Difficult triangle problem

(I've renamed a couple of points. $P$ is the foot of the perpendicular from $A$ to $\overline{BE}$, and $M$ is the midpoint of $\overline{AC}$. I've also conveniently subdivided $\overline{AC}$ into sixths, to clearly indicate both trisection by $E$, bisection by $M$, and the key ratio in $(3)$.)

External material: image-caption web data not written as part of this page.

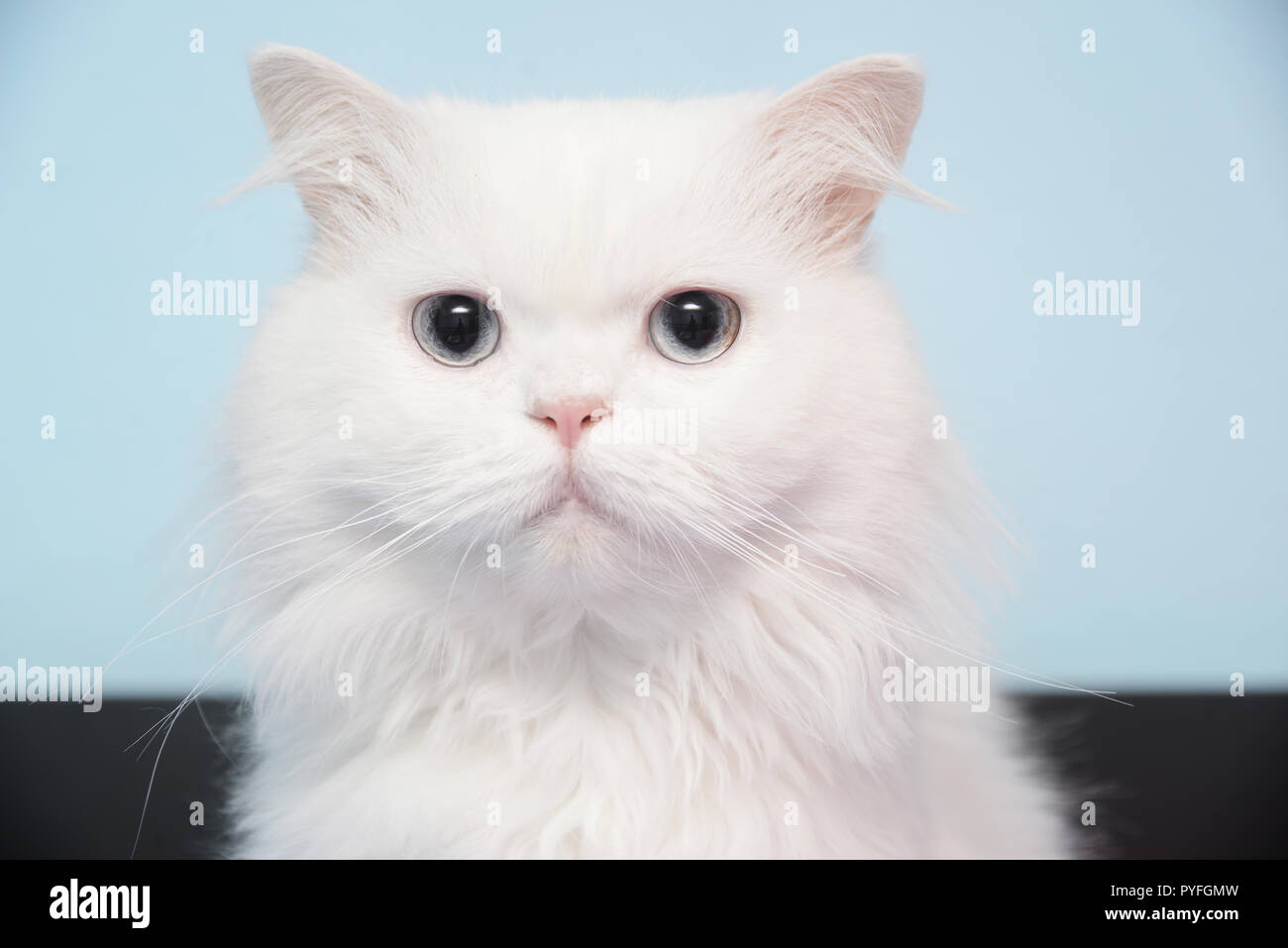 Gato blanco perfecto, Retrato Foto de stock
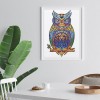 Owl Bird - Special Shaped Diamond - 30x40cm
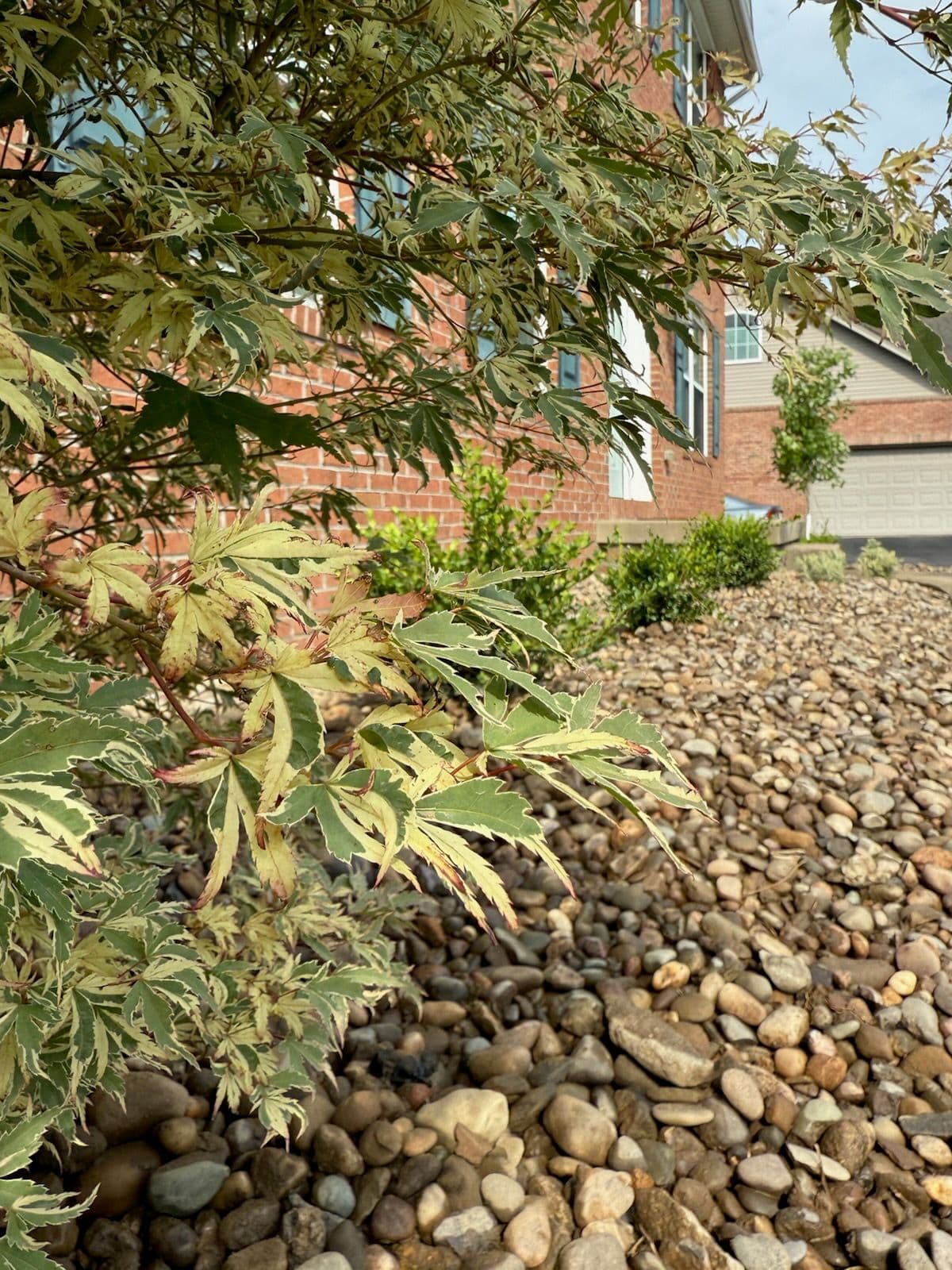 Vibrant Landscaping in Bridgeport image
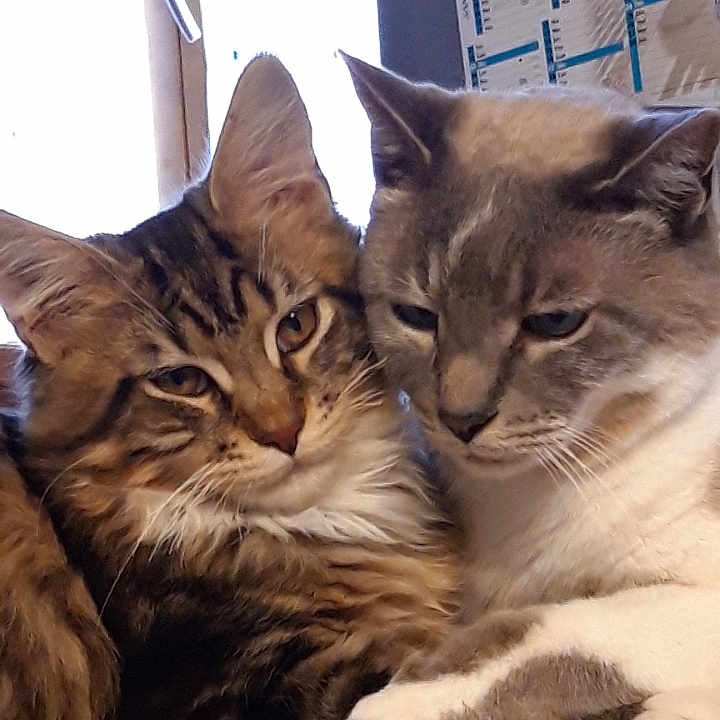 Oggy Et Nougat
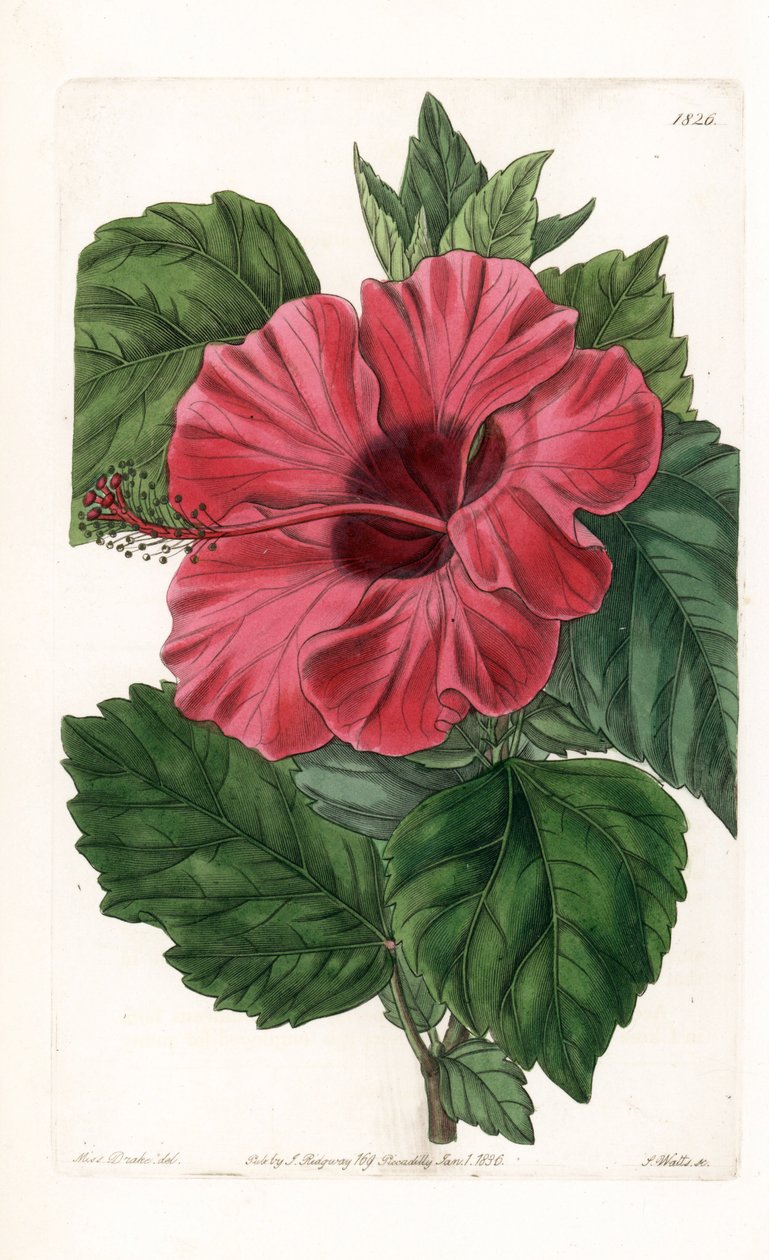 Hibiszkusz rózsa Kínából – S. Watts gravírozása Sarah Anne Drake (1803-1857) illusztrációja alapján, a Sydenham Edwards (1768-1819) botanikai nyilvántartásából, Angliából alkotó: Sydenham Teast Edwards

Drop a perpendicular from $C$ to $Q$ on $\overleftrightarrow{BE}$. Then, $$\triangle APE \sim \triangle CQE \quad\text{with}\quad |\overline{AE}|:|\overline{CE}| = 2:1 \tag{1}$$ so that $$\frac{2}{1} \;=\; \frac{|\overline{AP}|}{|\overline{CQ}|} \;=\; \frac{|\overline{AB}| \sin 2\delta}{|\overline{BC}|\sin\delta} \;=\; \frac{|\overline{AB}|\cdot 2 \sin\delta\cos\delta}{|\overline{BC}|\cdot\sin\delta} \quad\to\quad |\overline{BC}| = |\overline{AB}|\cos\delta \tag{2}$$

As @Alfred did, we'll extend $\overline{BE}$ to a point (we'll call ours $A^\prime$) such that $\overline{AB}\cong\overline{A^\prime B}$. By $(1)$, we know that $\triangle A^\prime B C$ has a right angle at $C$; moreover, this triangle is congruent to both $\triangle ABC^\prime$ and $\triangle A^\prime B C^\prime$, where $C^\prime$ is the midpoint of $\overline{AA^\prime}$.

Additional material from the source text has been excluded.